Por lo que llevo escrito, parece que no hay hilo argumental en este segundo episodio de las aventuras de Tintín. Que nuestro protagonista va cazando y moviéndose entre los “negritos” como un ser superior y poco más. Pues no. Entre una barbaridad y otra, hay una trama que vertebra el relato y evita, en parte, que la matanza de animales continúe. En resumen, de vez en cuando asistimos a las andanzas de un tipo que quiere eliminar a Tintín desde la travesía en barco que le lleva a África. Y es que el gánster Al Capone (“Rey de los bandidos de Chicago”, según lo define uno de sus acólitos cuando Tintín le hace confesar) anda mosqueado con el reportero, ya que cree que puede descubrir su tinglado relacionado con el contrabando de diamantes. Menos mal que este sicario que anda tras Tintín durante casi toda la historia termina (¡cuidado, spoiler!) sus días devorado por una manada de cocodrilos. Sí, no se han equivocado, seguimos hablando del Tintín para niños a partir de 7 años…
Volviendo al Congo belga, uno de los problemas que siempre tuvo esta zona fue que sus tierras atesoraban diamantes. Y aquí es donde hago que entre en esta confrontación imposible el maravilloso tríptico “Katanga” de Fabien Nury y Sylvain Vallée, los mismos responsables de la imprescindible “Érase una vez en Francia” (Mejor Serie en el Festival de Angoulême de 2011). Los títulos de la trilogía son “Diamantes”, “Diplomacia” y “Dispersión”; en los tres casos una palabra que empieza por la letra “D”, no sé si hecho a propósito. El comienzo es apasionante con la truculenta historia, llena de muerte y horror, de la creación del Reino de Katanga, una provincia del Congo, por parte de un miserable llamado Msiri, que llega a ser dos veces Rey y coleccionó 1200 mujeres en su harén. Igual que un Genghis Khan africano, la mayor parte de los congoleños son descendientes en alguna medida de este tipo. Tras este prólogo sangriento (tan descarnado como el resto del relato) empezamos una historia de corrupción política, espionaje, sexo, violencia y acción ubicada en el Congo de 1960, tras su independencia de Bélgica y a comienzos del gobierno de Patrice Lumumba. Se forma un equipo para, en principio, cuidar de los intereses de la explotación minera de cobre de Katanga, La Unión minera de Shinkolobwe. El equipo está formado, entre otros, por un ex teniente retirado, Félix Cantor, veterano de Indochina, Árgel y varios sitios más, que comanda al grupo. No sé si es mucho aventurar que se han basado en el actor Lino Ventura para ponerle rostro, con la nariz más gorda, eso sí. A sus órdenes, un nazi, ex SS, que también ha militado en la legión extranjera y que el dibujante representa con un fuerte parecido con el actor Lee Marvin. Esto no es casual, ya que el impresionante final de la de la historia homenajea un western donde aparece este actor clásico. El resto de compañeros son un sádico tunecino experto en interrogatorios y lanzallamas, un asesino de la mafia marsellesa que también ha hecho de las suyas en el Marruecos de Hasan II, un piloto borracho medio loco y una treintena más de especímenes de una catadura similar, cada uno con una historia detrás que ocultar. Lo que viene siendo un grupo de mercenarios de toda la vida.

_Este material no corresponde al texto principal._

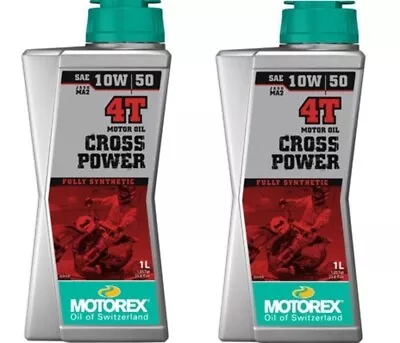 Motorex Cross Power 4T Motor Oil 10W-50 -2 Liter-Fully Synthetic 4-stroke Oil • $49.95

El país se convierte en un caos y un sirviente local se hace de manera inesperada con diamantes por valor de 30 millones de dólares, que esconde convenientemente. Pero una vez se conoce este hecho, escudados en la impunidad que da un país desmembrado en etnias de todas clases y políticos racistas hacia todas ellas, una serie de personajes pugnan por hacerse con los diamantes: el jefe de los mercenarios (reclutado por un espía), el paisano que los escondió y su hermana. Y a partir de aquí se suceden escenas de enorme violencia, acción y explosiones, mezcladas con tramas de corrupción política y traiciones de todo tipo. Veamos cómo define el corrupto ministro del interior de Katanga, Godefroid Munongo, también tras los diamantes, al espía que se mueve tejiendo su red entre todos los personajes: «Es usted tan despreciable como fascinante, Orsini. Tiene una ausencia total de altura de miras, no tiene ni causas ni ideales ni moral. Su única motivación es el oportunismo. Escribe usted en secreto la historia de África.»

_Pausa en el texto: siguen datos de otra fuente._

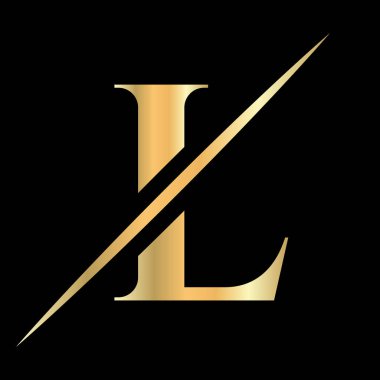 Güzellik, Kraliyet Tabelası, Lüks ve Moda, Spa Şirketinin Spa Şablonu için Baş Monogram L Logo Tasarımı. Lüks Alfabe L Logosu Altın Renk Sembolü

Entre tanta acción también hay lugar para la crítica. Tras la independencia, en realidad, el Congo seguía al servicio de Bélgica. Ahora no del país como tal si no de las grandes compañías que allí seguían operando. Se denuncia los intereses y la forma de conseguir sus beneficios por parte de estas empresas. También la actitud permisiva (si no participativa) de los gobiernos de Europa que sabemos que, además, suelen negociar con dictadores africanos de cualquier condición con tal de sacar el provecho que corresponda. También se critica a los cascos azules. Sirva como ejemplo este fragmento: El chofer congolés de un coche oficial dice «Los cabrones de la ONU. “Misión de observación”, la llaman. “Protección de la población civil”. ¿Y qué más? Suecos, irlandeses y gurkhas. Este no es su país. A ellos también les pagan, ¿no? Bueno, eso les convierte en mercenarios como ustedes, capitán. ¿Qué diferencia hay?»; la respuesta del duro Félix Cantor no da lugar a dudas: «El color del casco.»
“Katanga”, en resumen, es un cómic estupendo, cuidado al máximo, narrado usando una técnica casi cinematográfica, valiéndose de constantes viñetas alargadas como la pantalla de un cine. Con encuadres que recuerdan a las mejores películas y un estilo de dibujo que te atrapa desde el principio. Una delicia para todos los que amamos estas dos artes. Sólo un apunte más para el probable lector: merece mucho la pena pararse unos segundos a diseccionar las expresiones de las frecuentes caras en primer plano, que te dicen mucho más que cualquier texto que las pudiera acompañar. Ahí lo dejo.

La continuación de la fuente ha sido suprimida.